GMOS
in the Global Political Economy
Institute for Research on World-Systems
University of California-Riverside
Science and technologies both have consequences
for, and are affect by, the global political economy. Though both the sciences
that enable genetic modifications of organisms and the commercial activities
that emerge from the application of these new techniques are unique in many
respects, they also share important characteristics with older innovations and
business sectors, so that a historical and comparative approach to “new lead
industries” can shed light on the present and the future of GMOs in the global
political economy.
Obviously both the overall rates of
economic growth and the spatial distribution of economic growth have
consequences for the funding of basic science and the development of commercial
applications. So biotechnology will be slowed or speeded up depending on the
ebbs and floods of the global political economy over the next few decades.
Stable governance and growth will be favorable, while stagnation and conflict
will slow down biotech science and commercialization.

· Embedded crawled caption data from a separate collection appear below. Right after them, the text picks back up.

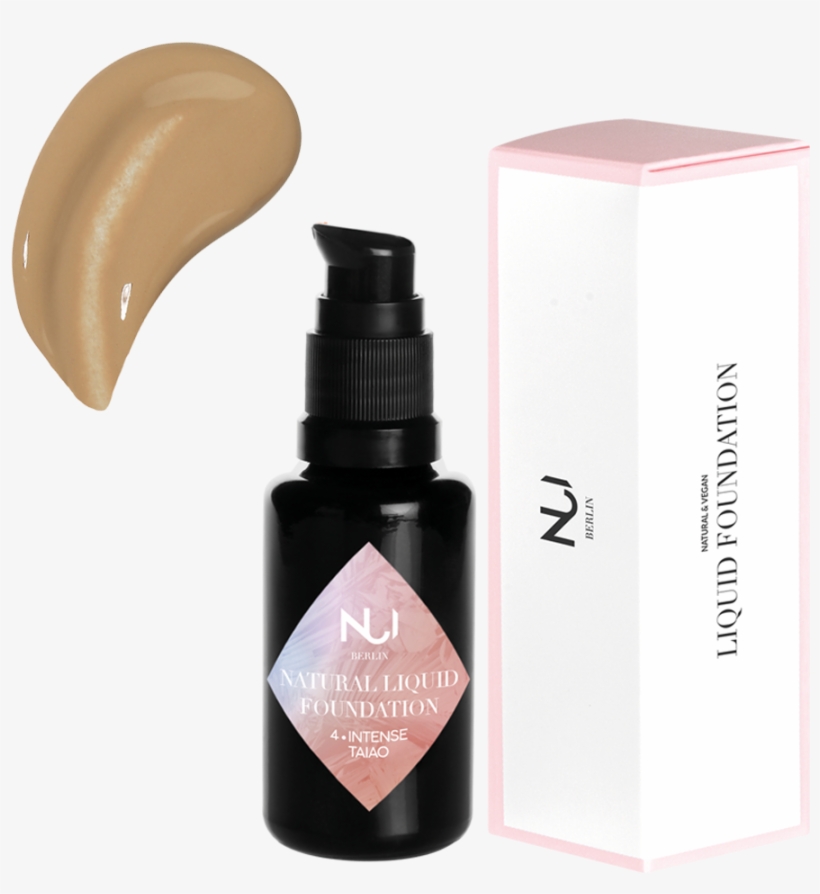 Nui Cosmetics Liqu - Nui Cosmetics Liquid Foundation Intense Kanapa, transparent png #5738809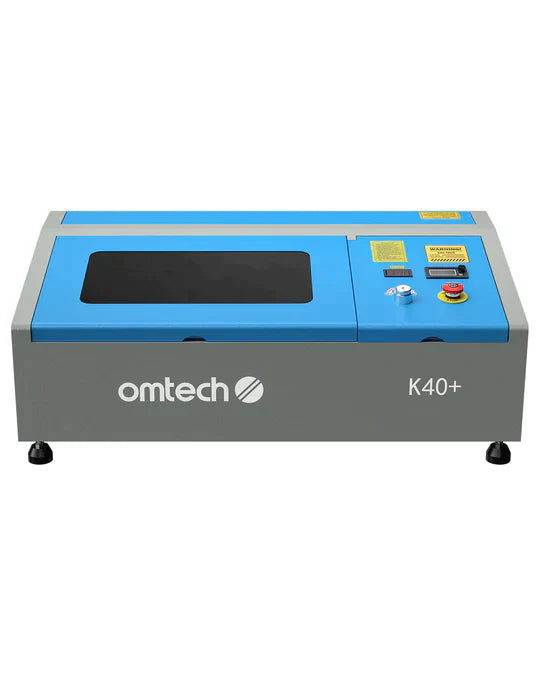 DF0812-40BN - K40+ - 40W CO2 DESKTOP LASER ENGRAVER MACHINE WITH 8'' X 12'' WORKING AREA, COMPATIBLE WITH LIGHTBURN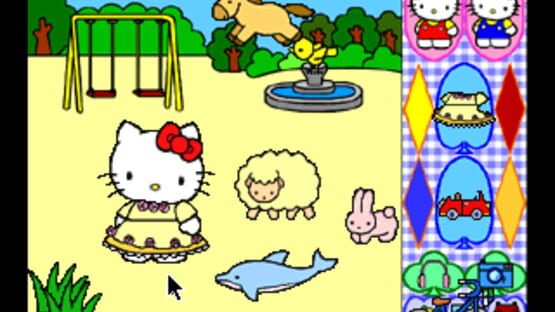 Screenshot for Hello Kitty Asobi no Omochabako
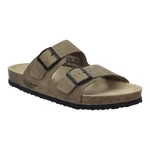 Josef Seibel Sandale Josef 01 Khaki/Dunkelgrün/Beige/Braun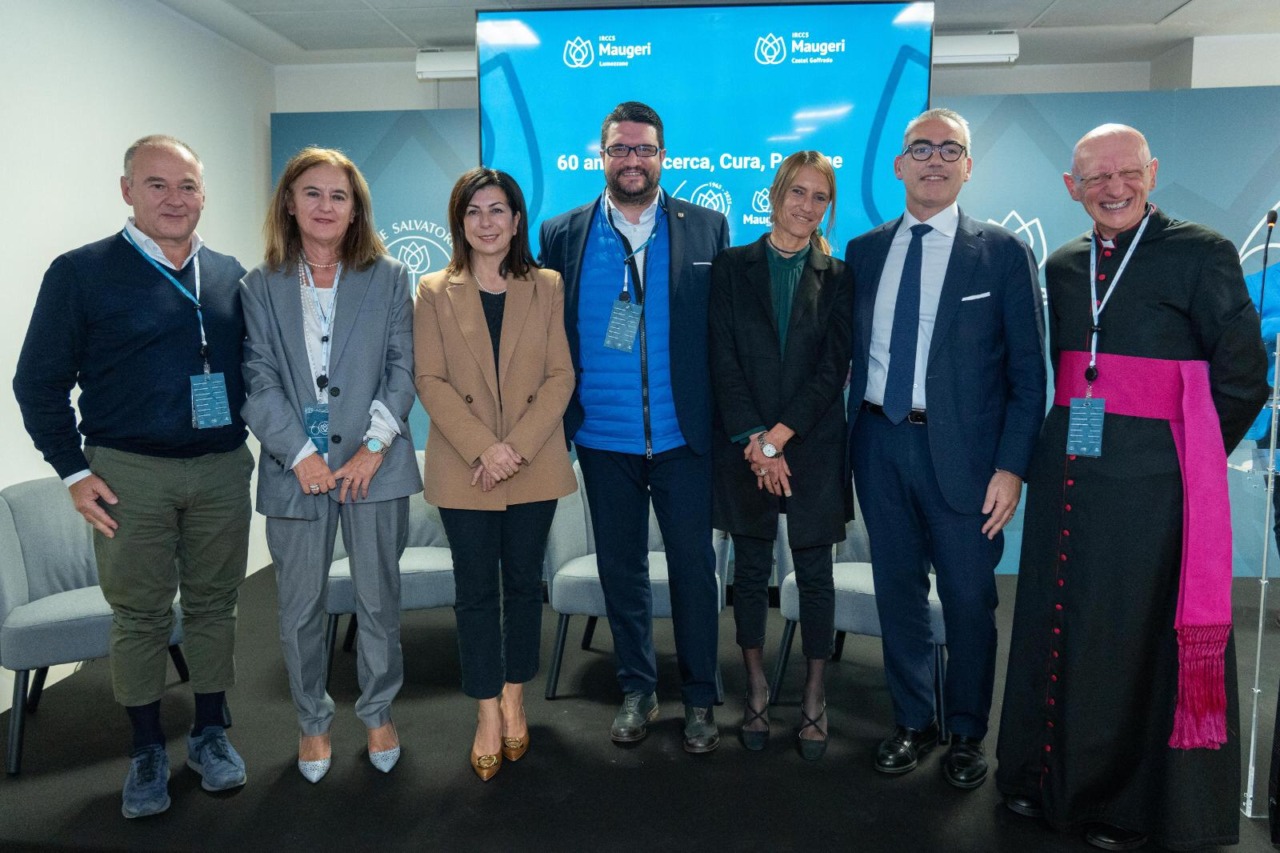 Fondazione Maugeri celebra  60 anni di scienza, cura e umanità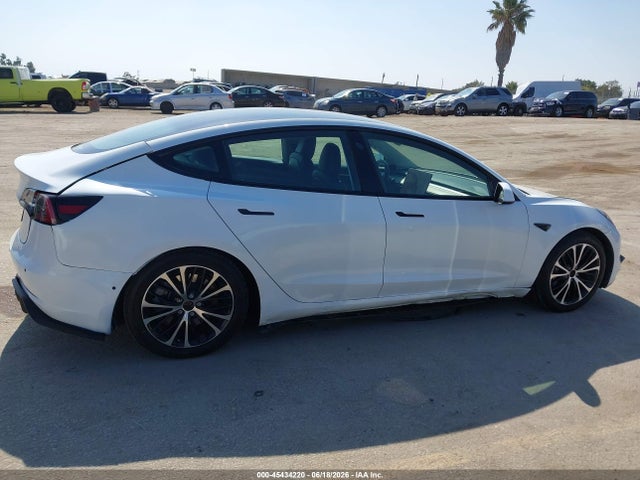 2023 Tesla Model 3 მანქანა იყიდება აუქციონზე, vin: 5YJ3E1EA7PF550703, აუქციონის ნომერი: 45434220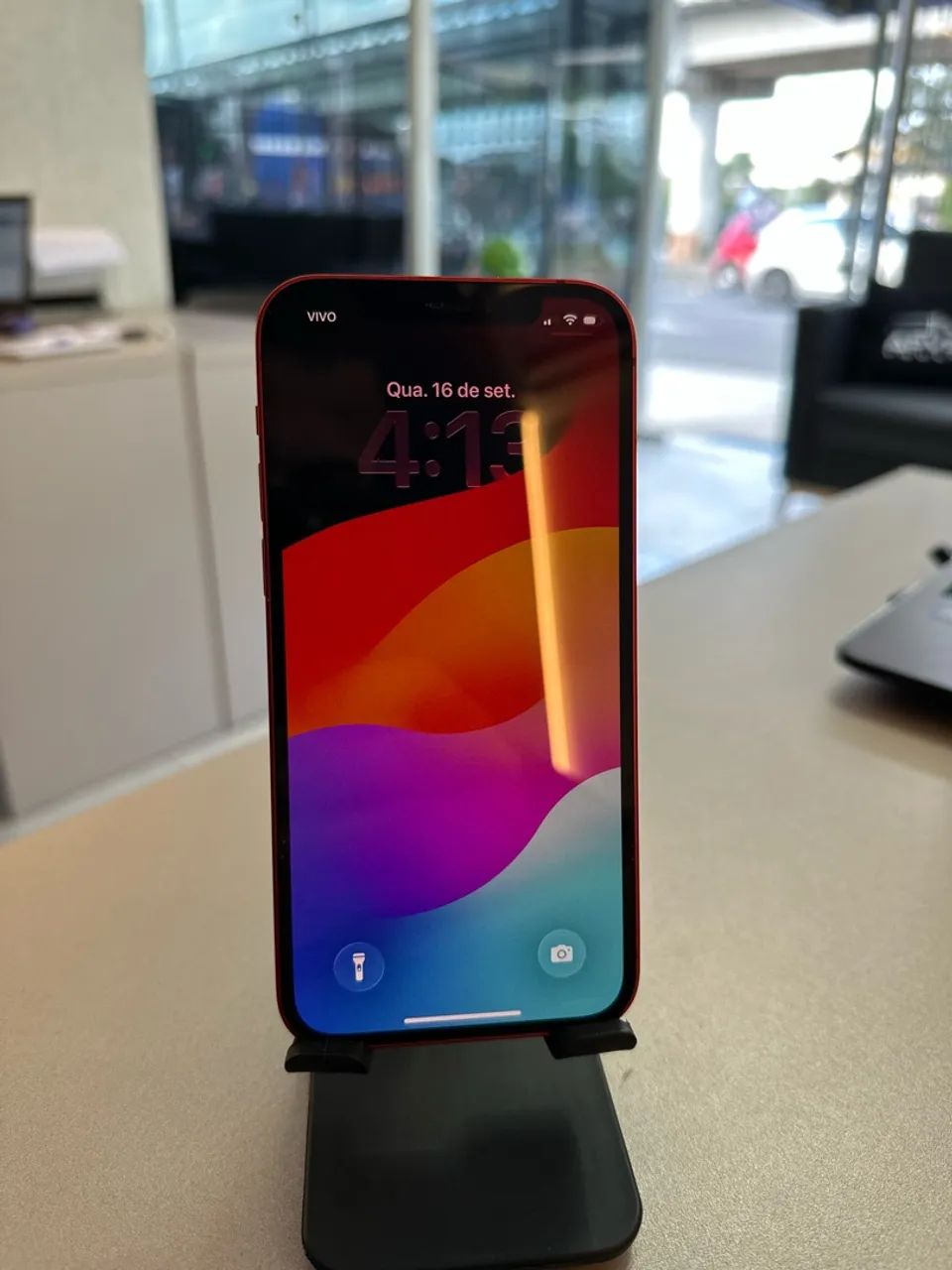iPhone 12 64g Vermelho - Celulares e Smartphones - Centro, São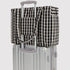 Baggu Small Cloud Carry-On in Black And Cream Gingham - Getoutside Shoes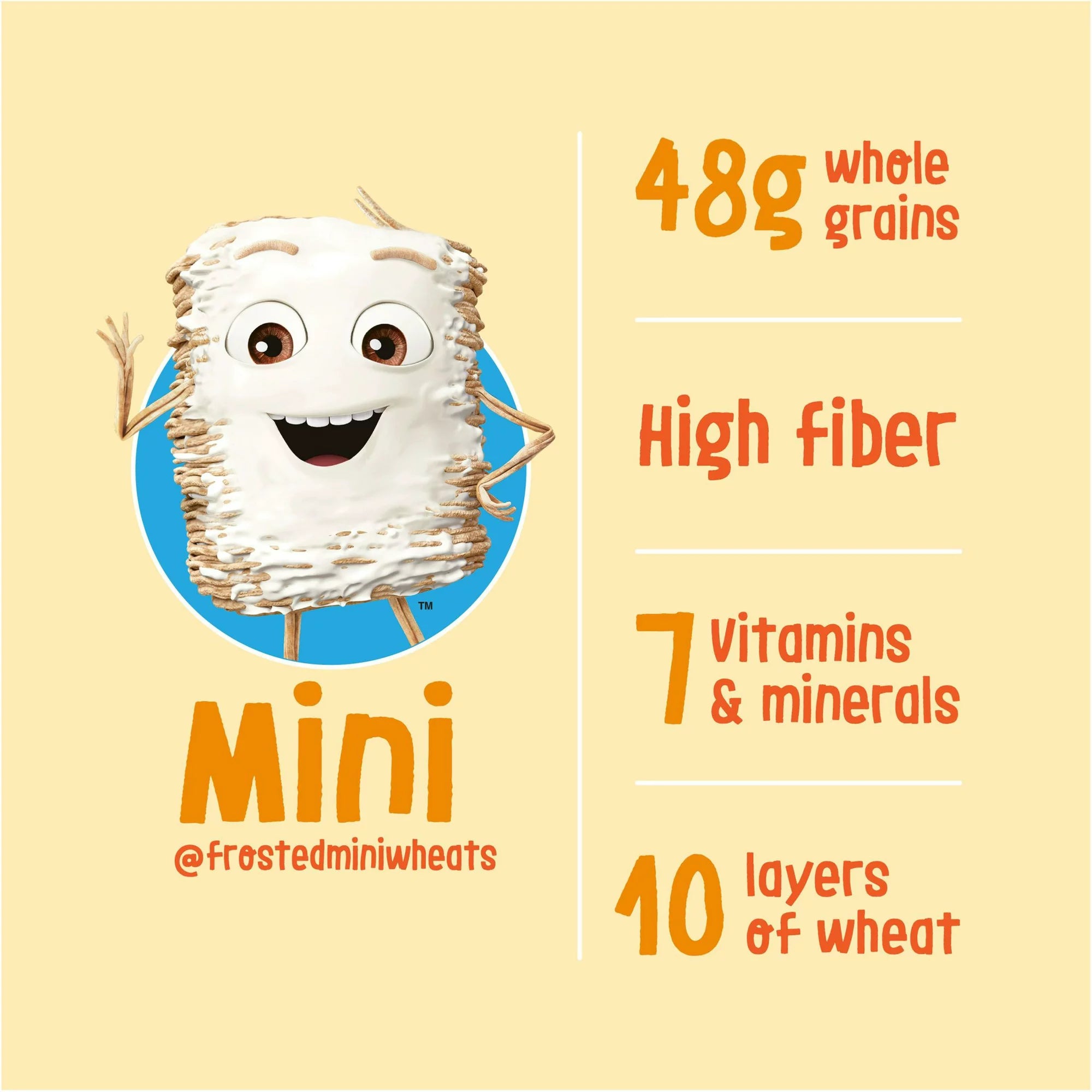 Kellogg's Frosted Mini-Wheats Breakfast Cereal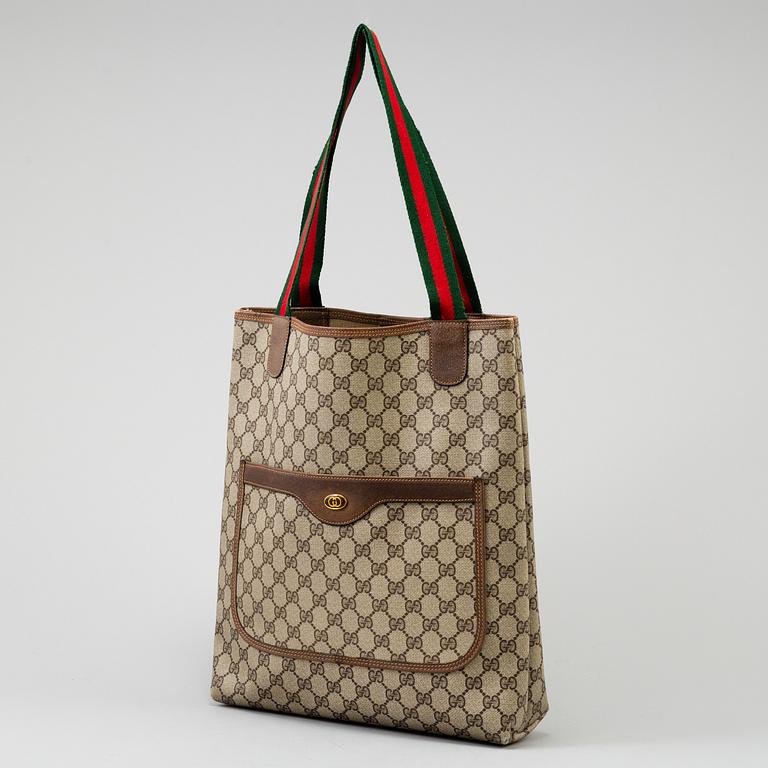 A bag by Gucci.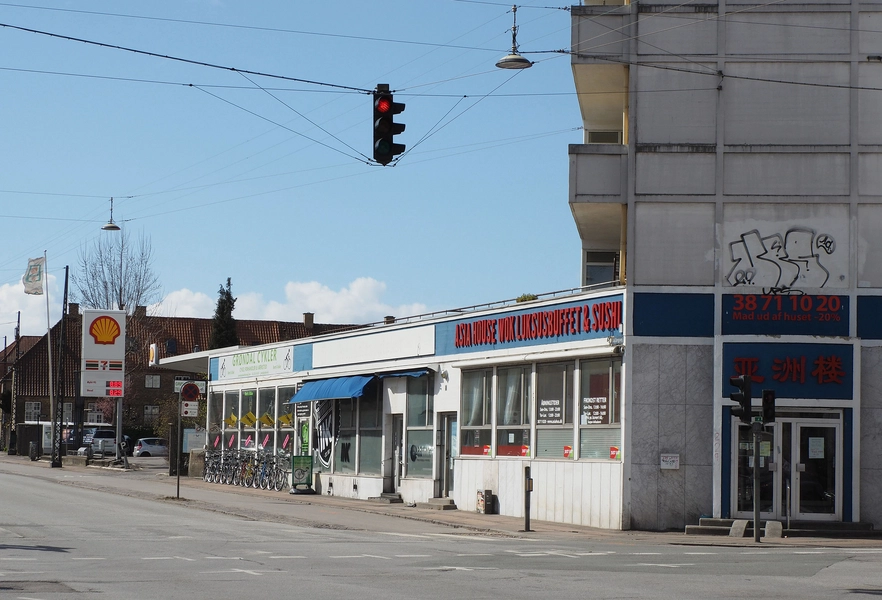 Færgen - Godthåbsvej og Sallingvej 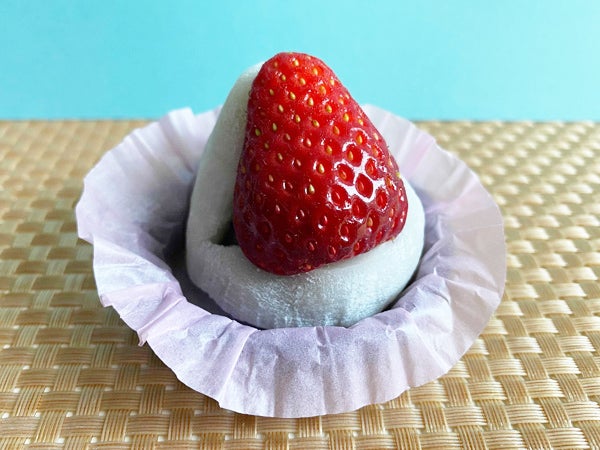 みずみずしくておいしい！いちごスイーツ専門店の「大福いちご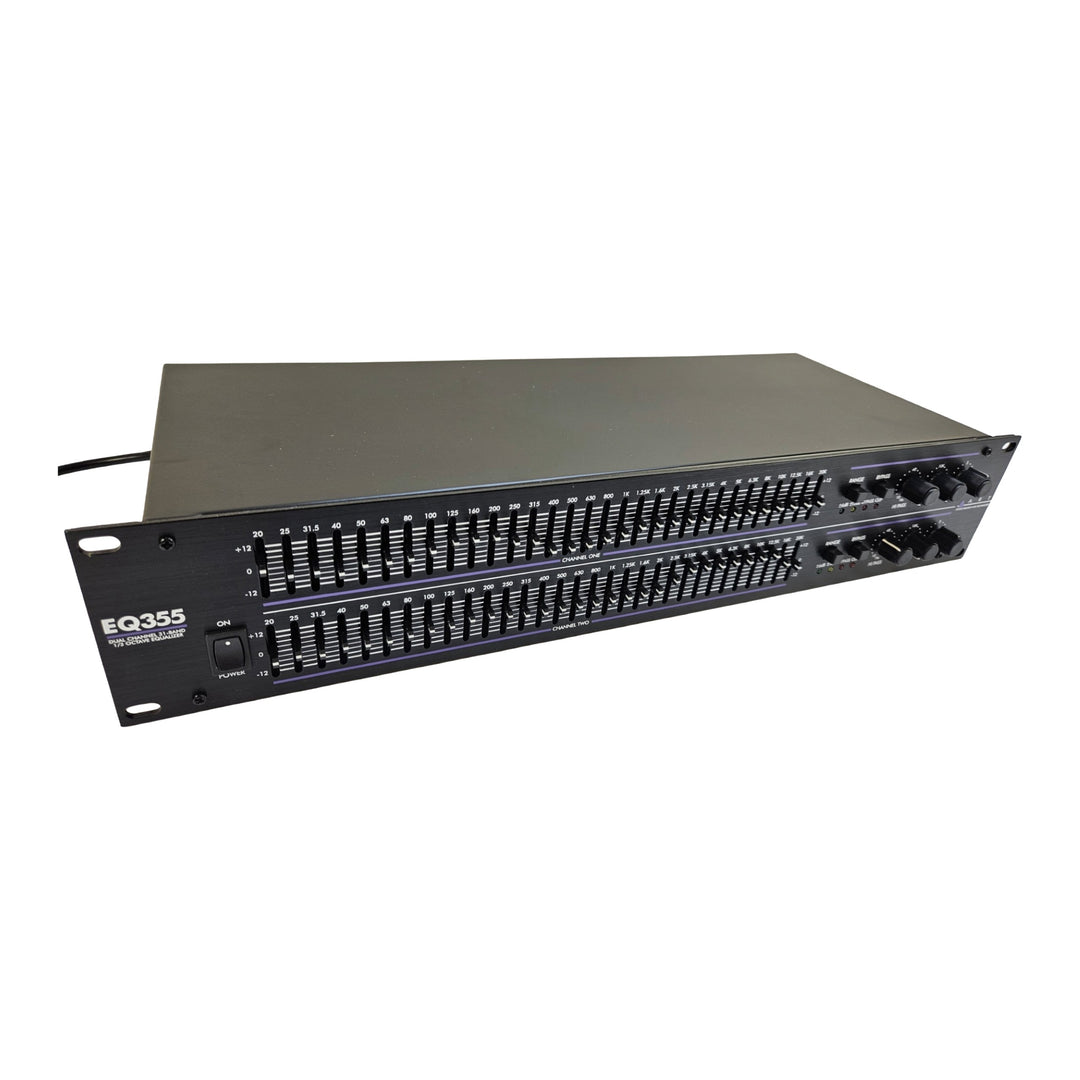 ART Grafischer Equalizer 2 x 31 Bänder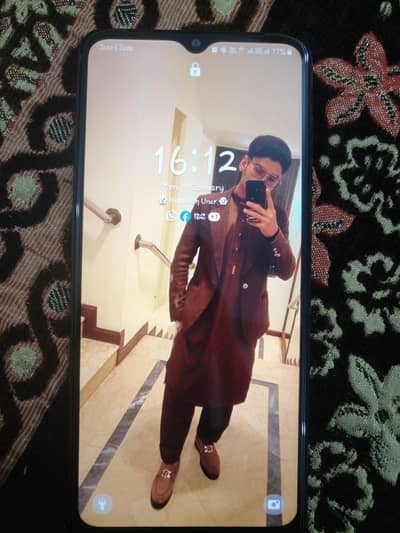 Samsung A12 for sale.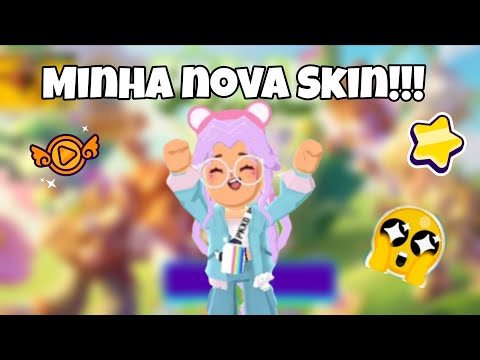 MINHA NOVA SKIN E A DO CANAL!!!!! ASSISTAM ATE O FINAL QUE TEM SURPRESA!!!!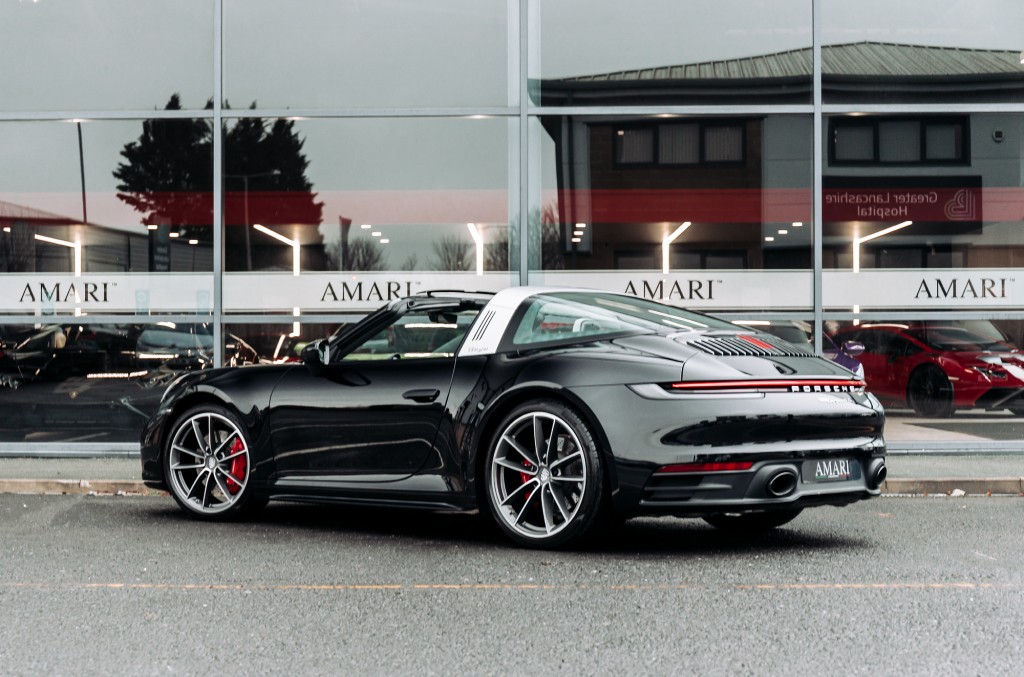 2021 Porsche 911 Targa 4S, 20/20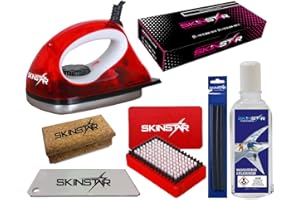 SkinStar Fart Set de Ski Cire avec kit de démarrage belags ausbesserung 7 pièces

And biotechnology may itself have an
impact on the trajectories and patterns of international development,
cooperation, competition and conflict. Here we may learn from comparing
biotechnology to earlier new lead industries – e.g. steam power,
electrification, information technology and nuclear energy. New lead industries
have stimulated waves of economic development by fundamentally transforming
processes of production. And they have played an important role in the rise and
fall of leading (hegemonic) national economies such as the United Kingdom of
Great Britain in the nineteenth century and the United States in the twentieth
century. One important question about biotechnology concerns the role that it
will play in a possible future revitalization of U.S. economic hegemony in the
next decades.
Much
of the recent attention paid to the international aspects of agricultural and
medical biotechnology impacts has focused on North/South issues about the
patenting of genomes and the effects of the industrialization of agriculture on
peasantries in the Third World. But there is also a North/North aspect that has
emerged with resistance in Japan, the United Kingdom and Europe to genetically
modified foods. Significant
popular resistance to genetically modified foods could be an important factor affecting
the profitability of food-producing biotechnology. The perception of significant risks, as in the nuclear power
industry, can influence both science and commerce. And to the extent that biotechnology is
perceived as new technology in which the U.S. has a significant advantage,
anti-U.S. sentiment may fuel further resistance to biotechnology. Thus can
geopolitics be an important factor.
It is commonly believed that the high start-up costs of
biotechnology research and development should retard the emergence of
competitors. This has been seen as part of the explanation for why
biotechnology research, development and commercialization in Europe and Japan
have lagged behind the U.S. But there
have been some developments that cast doubt on these characterizations. The
Peoples’ Republic of China began a substantial state-sponsored initiative in
biotechnology in the 1980s and many important products of this program have
been implemented in Chinese agriculture on a huge scale, with allegedly great
beneficial effects. Singapore has also succeeded in establishing a successful
biotechnology sector by targeted investments and the importation of scientific
talent from abroad. These start-ups imply that entry into the biotechnology
industry is not as restricted as had been assumed, and that competition for
shares of world demand for the products of biotechnology will speed up the
product cycle, making it more difficult for particular countries, including the
U.S., to garner technological rents for very long.
In the long run there is little
doubt that biotechnology science and commerce will provide useful outcomes, but
the coming decades may see increasing disputes about biotechnology that will
have important consequences for both science and business. Business cycles and
contentions for world leadership will be important contextual factors, and
biotechnology may itself play an important part in these global processes.